TASK GOAL ->
Pick out every line of the entries below where "Self" occurs, and copy those lines.

MATERIAL PROVIDED ->
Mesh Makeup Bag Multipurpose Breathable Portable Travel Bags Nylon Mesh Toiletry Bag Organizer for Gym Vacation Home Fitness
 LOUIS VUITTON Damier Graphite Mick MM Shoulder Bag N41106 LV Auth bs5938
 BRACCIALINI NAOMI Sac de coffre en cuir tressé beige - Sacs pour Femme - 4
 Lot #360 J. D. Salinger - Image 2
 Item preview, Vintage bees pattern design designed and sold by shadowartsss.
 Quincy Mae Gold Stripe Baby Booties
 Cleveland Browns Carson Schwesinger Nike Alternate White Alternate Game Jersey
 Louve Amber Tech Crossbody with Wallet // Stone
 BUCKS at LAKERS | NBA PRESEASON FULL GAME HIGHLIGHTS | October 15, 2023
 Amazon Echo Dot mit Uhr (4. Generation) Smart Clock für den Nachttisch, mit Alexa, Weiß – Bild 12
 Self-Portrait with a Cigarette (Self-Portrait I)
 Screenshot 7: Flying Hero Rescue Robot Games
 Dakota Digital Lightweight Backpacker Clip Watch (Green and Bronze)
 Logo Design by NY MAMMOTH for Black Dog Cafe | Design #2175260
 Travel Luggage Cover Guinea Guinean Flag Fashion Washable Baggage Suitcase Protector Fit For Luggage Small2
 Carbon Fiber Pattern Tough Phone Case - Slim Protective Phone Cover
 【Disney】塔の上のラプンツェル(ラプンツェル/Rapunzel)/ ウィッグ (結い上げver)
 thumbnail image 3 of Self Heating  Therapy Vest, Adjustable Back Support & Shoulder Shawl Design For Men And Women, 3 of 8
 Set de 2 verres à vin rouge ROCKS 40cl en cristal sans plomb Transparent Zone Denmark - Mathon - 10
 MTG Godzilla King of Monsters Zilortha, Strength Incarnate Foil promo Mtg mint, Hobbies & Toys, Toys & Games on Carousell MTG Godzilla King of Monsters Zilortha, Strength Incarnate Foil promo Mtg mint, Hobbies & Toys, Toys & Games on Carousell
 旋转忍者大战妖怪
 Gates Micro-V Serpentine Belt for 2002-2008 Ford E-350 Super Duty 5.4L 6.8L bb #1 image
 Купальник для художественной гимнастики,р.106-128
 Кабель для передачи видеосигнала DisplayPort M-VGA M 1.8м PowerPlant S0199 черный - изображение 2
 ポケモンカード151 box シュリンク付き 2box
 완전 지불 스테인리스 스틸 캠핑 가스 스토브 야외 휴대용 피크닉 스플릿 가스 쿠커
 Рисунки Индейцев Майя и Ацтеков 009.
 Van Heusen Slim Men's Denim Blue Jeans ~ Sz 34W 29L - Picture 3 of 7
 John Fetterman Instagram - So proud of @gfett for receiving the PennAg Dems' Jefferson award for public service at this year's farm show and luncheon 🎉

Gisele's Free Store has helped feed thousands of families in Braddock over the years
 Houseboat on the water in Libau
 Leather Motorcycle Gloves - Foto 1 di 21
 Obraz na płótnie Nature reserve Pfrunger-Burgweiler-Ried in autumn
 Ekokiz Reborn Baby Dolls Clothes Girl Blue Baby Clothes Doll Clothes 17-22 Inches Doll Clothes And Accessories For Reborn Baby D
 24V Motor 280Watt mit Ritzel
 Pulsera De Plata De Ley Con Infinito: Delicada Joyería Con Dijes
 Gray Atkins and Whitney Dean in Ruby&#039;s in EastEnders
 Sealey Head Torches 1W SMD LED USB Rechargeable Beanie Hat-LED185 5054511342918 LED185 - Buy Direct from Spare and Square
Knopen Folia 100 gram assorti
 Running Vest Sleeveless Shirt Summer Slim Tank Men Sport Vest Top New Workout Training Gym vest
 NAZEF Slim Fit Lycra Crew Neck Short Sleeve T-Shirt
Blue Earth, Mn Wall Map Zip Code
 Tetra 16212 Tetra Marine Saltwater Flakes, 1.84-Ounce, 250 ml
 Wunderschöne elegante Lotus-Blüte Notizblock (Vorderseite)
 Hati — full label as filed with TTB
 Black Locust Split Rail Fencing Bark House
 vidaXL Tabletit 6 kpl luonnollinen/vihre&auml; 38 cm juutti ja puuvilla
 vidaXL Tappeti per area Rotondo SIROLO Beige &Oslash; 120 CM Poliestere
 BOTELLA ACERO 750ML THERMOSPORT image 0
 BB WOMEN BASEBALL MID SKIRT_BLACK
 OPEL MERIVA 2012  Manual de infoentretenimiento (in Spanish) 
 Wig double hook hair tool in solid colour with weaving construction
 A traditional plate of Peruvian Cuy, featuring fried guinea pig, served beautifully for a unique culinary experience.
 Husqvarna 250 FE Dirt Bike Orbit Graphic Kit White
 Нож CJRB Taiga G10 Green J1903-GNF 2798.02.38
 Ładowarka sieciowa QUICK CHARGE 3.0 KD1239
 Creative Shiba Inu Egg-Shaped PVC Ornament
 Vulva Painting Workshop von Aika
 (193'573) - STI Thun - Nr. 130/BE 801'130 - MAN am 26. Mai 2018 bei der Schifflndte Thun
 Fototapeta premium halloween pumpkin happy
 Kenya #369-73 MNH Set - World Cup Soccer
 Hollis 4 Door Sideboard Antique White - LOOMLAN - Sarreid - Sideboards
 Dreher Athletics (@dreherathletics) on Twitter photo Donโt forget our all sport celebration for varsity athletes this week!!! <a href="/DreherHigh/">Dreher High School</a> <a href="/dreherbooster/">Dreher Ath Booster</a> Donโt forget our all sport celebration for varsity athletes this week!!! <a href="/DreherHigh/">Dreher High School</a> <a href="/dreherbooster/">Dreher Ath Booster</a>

RESULT ->
 Self-Portrait with a Cigarette (Self-Portrait I)
 thumbnail image 3 of Self Heating  Therapy Vest, Adjustable Back Support & Shoulder Shawl Design For Men And Women, 3 of 8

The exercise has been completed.